* Task details *
This task calls for the lines below starting at the one containing "May include: A" and ending at the one containing "a bedroom with", repeated exactly with both ends kept and pictures left out.

+++ Dataset extract

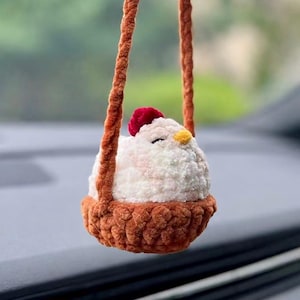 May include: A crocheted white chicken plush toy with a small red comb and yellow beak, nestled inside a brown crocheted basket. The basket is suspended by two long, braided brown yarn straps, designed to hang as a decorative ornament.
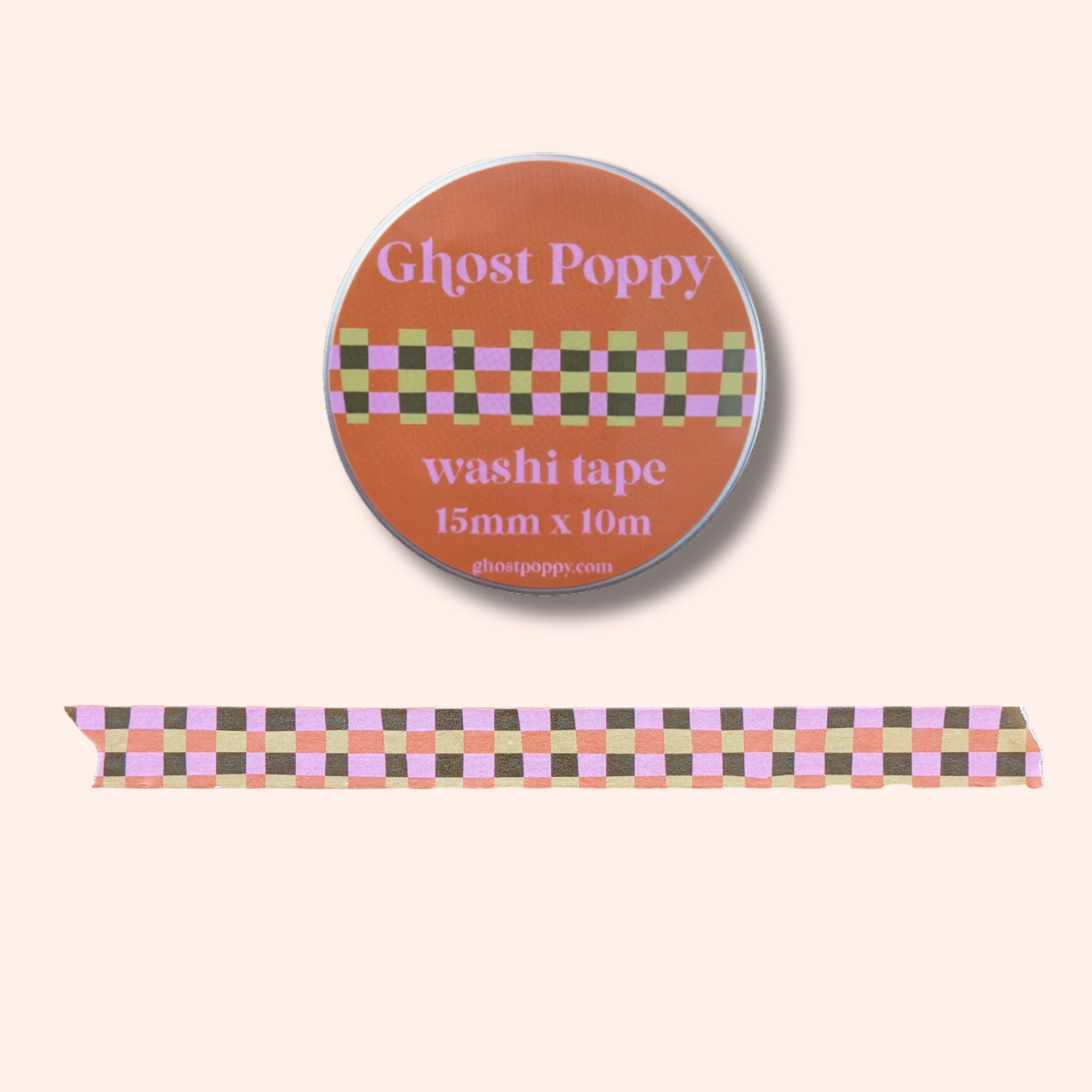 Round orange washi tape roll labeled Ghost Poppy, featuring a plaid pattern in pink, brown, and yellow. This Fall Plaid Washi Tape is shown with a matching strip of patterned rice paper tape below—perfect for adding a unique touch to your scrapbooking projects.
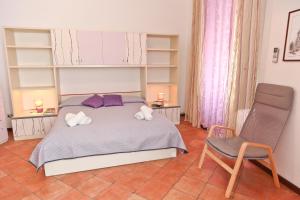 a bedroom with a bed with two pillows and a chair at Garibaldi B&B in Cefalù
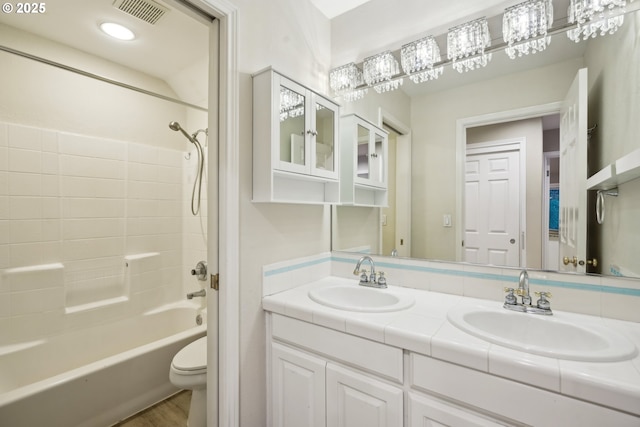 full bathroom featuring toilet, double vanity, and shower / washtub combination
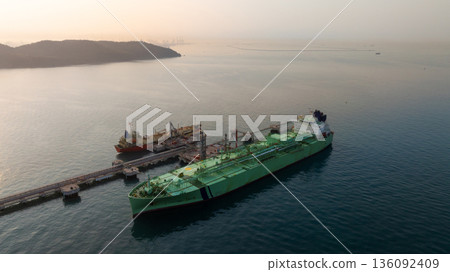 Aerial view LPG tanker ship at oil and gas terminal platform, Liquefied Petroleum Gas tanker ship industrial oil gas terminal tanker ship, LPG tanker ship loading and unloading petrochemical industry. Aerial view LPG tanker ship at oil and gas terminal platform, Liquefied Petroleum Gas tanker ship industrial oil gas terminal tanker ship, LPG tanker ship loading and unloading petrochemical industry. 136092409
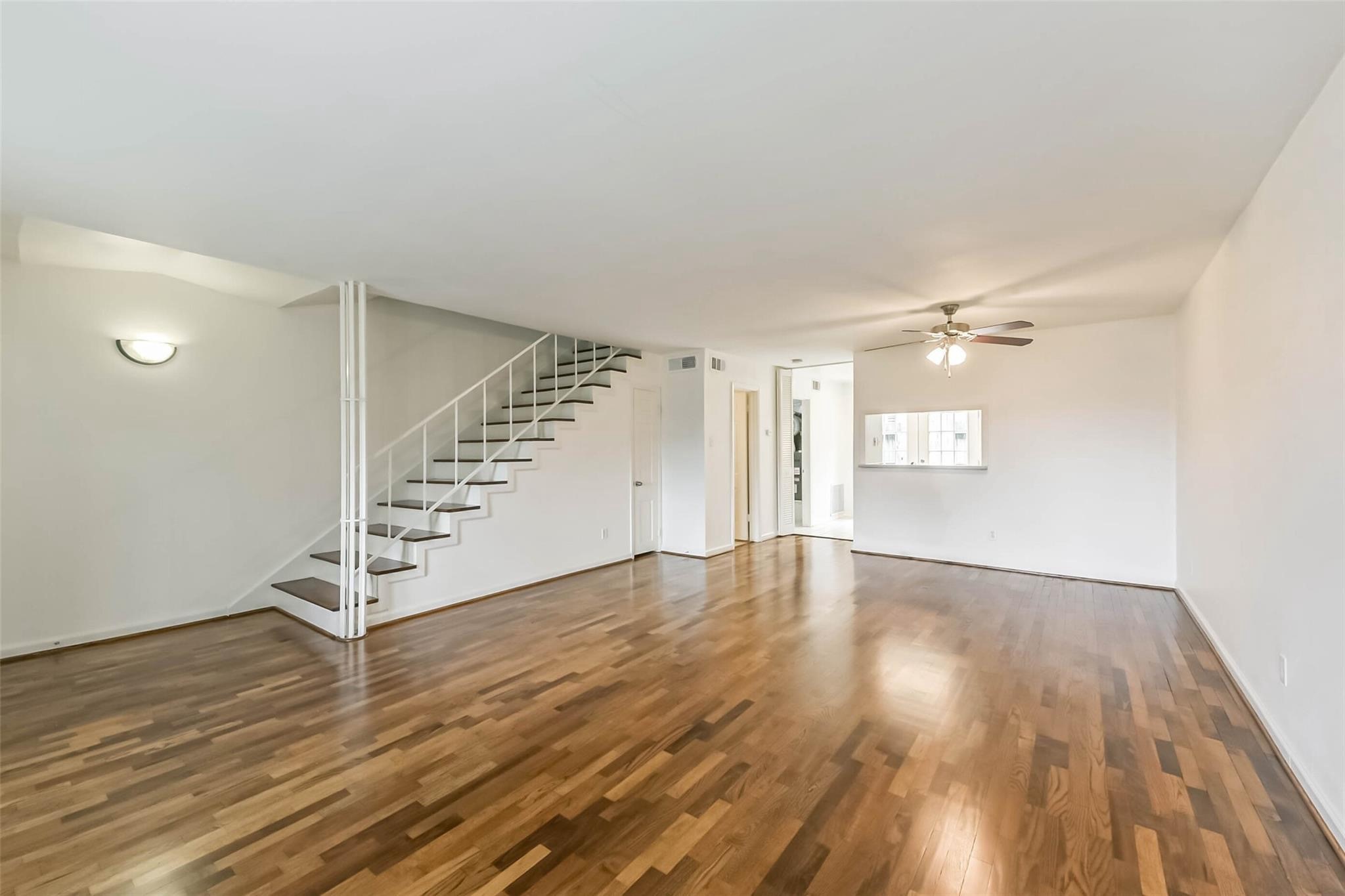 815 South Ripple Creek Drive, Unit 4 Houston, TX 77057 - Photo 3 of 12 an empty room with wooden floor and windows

++++++
+++ Dataset extract

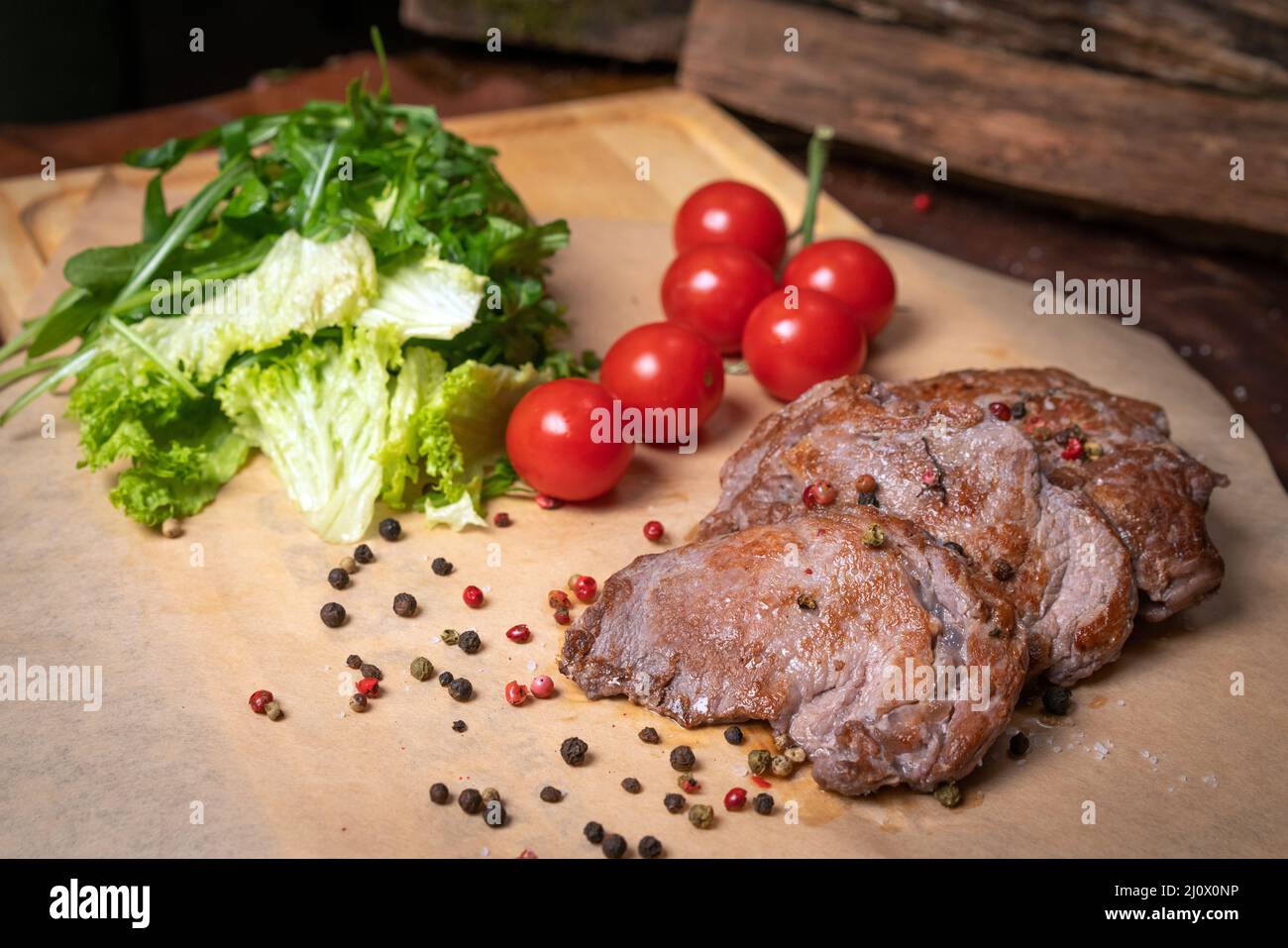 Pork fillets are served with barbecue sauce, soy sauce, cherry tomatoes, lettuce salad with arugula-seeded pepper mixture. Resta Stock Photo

++++++

* Written solution *
 May include: A crocheted white chicken plush toy with a small red comb and yellow beak, nestled inside a brown crocheted basket. The basket is suspended by two long, braided brown yarn straps, designed to hang as a decorative ornament.
 Round orange washi tape roll labeled Ghost Poppy, featuring a plaid pattern in pink, brown, and yellow. This Fall Plaid Washi Tape is shown with a matching strip of patterned rice paper tape below—perfect for adding a unique touch to your scrapbooking projects.
 a bedroom with a bed with two pillows and a chair at Garibaldi B&B in Cefalù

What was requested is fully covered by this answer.